(Working data begins)

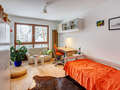 Doppelhaushälfte München Solln 01 3. Schlafzimmer 13810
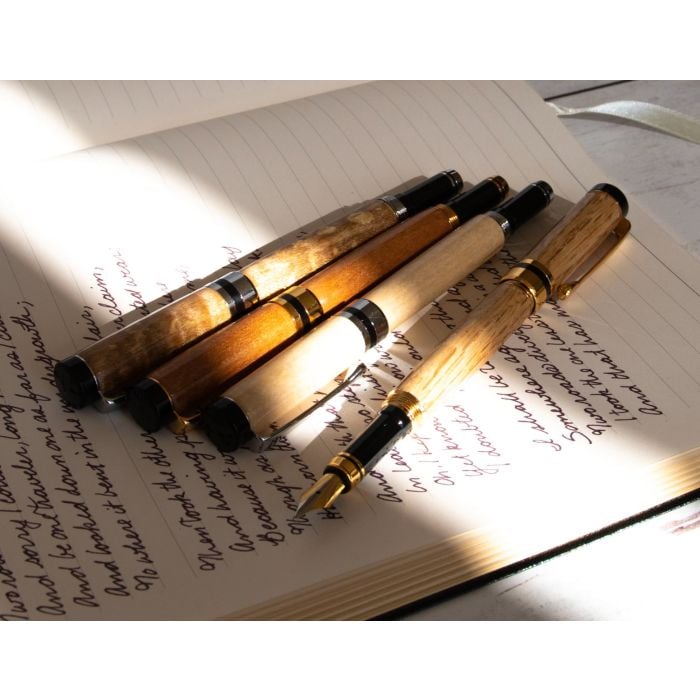 MainelyPens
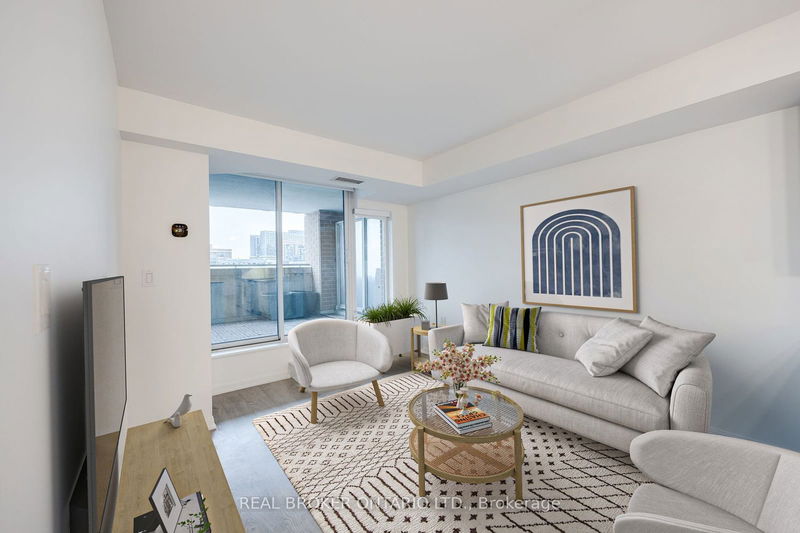 Preview image for 125 Western Battery Rd #213, Toronto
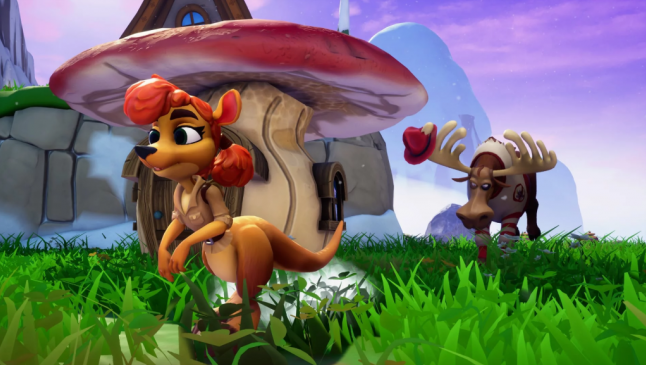 Spyro Reignited Reviews: Year of the Dragon - A jack of too many trades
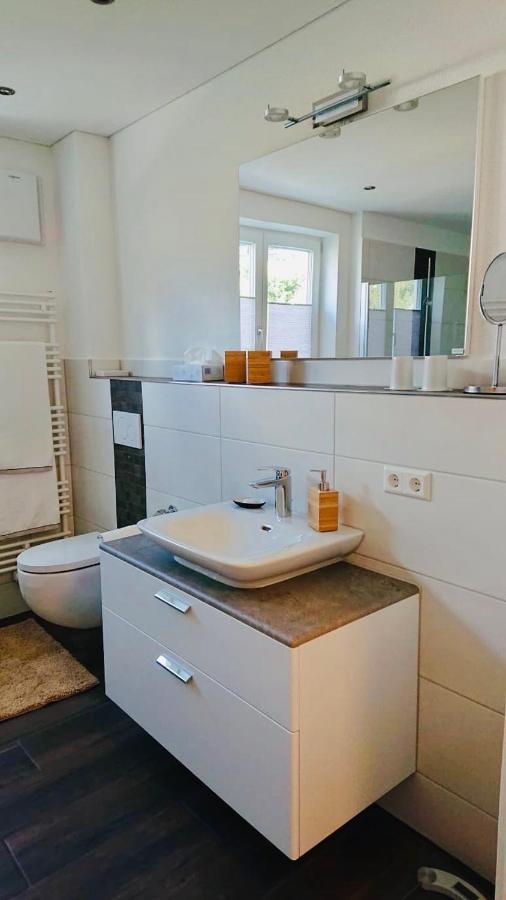 Steppacher Ferienappartements Friedenweiler ภายนอก รูปภาพ
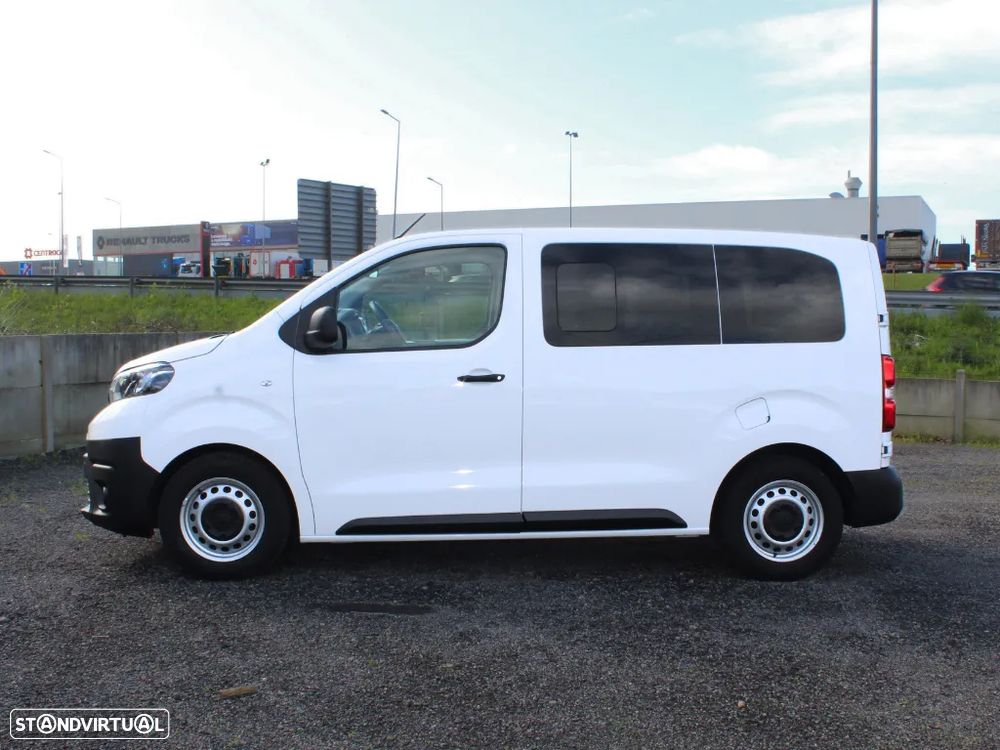 Toyota Proace 1.6 HDI 9 Lugares com IVA - 3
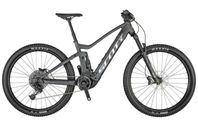 Scott Strike eRide 930 Herr, strl L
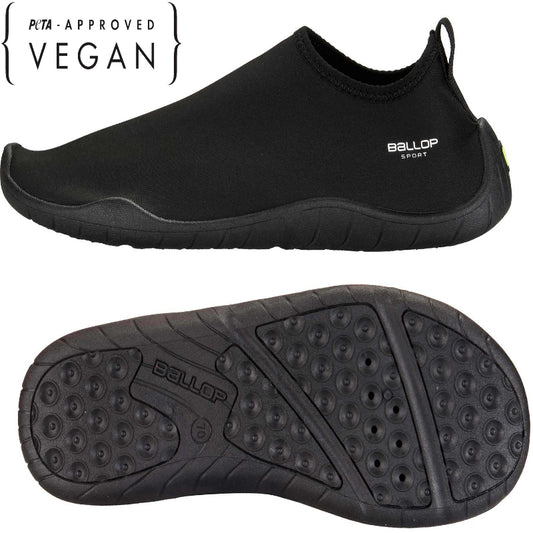 Ballop Hybrid Basic Black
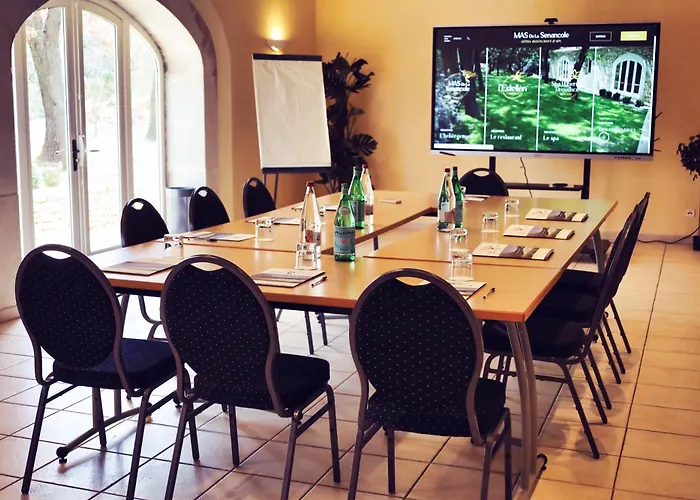 Mas De La Senancole & Spa Gordes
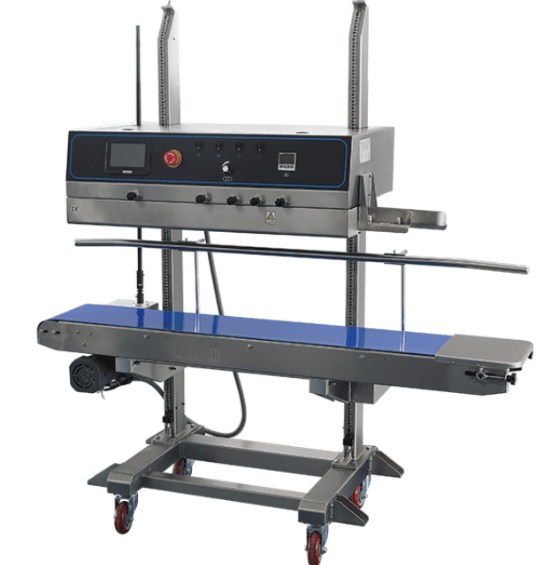 FRP-1120LD Запайщики пакетов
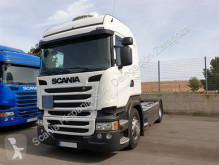 Cabeza tractora Scania R 410
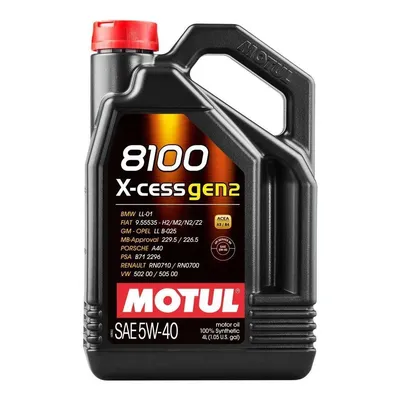 MOTUL 109775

(Working data ends)

Exercise objective
Retype the entries word for word. Omit any images.

Reply to the exercise
 Doppelhaushälfte München Solln 01 3. Schlafzimmer 13810
 MainelyPens
 Preview image for 125 Western Battery Rd #213, Toronto
 Spyro Reignited Reviews: Year of the Dragon - A jack of too many trades
 Steppacher Ferienappartements Friedenweiler ภายนอก รูปภาพ
 Toyota Proace 1.6 HDI 9 Lugares com IVA - 3
 Scott Strike eRide 930 Herr, strl L
 Ballop Hybrid Basic Black
 Mas De La Senancole & Spa Gordes
 FRP-1120LD Запайщики пакетов
 Cabeza tractora Scania R 410
 MOTUL 109775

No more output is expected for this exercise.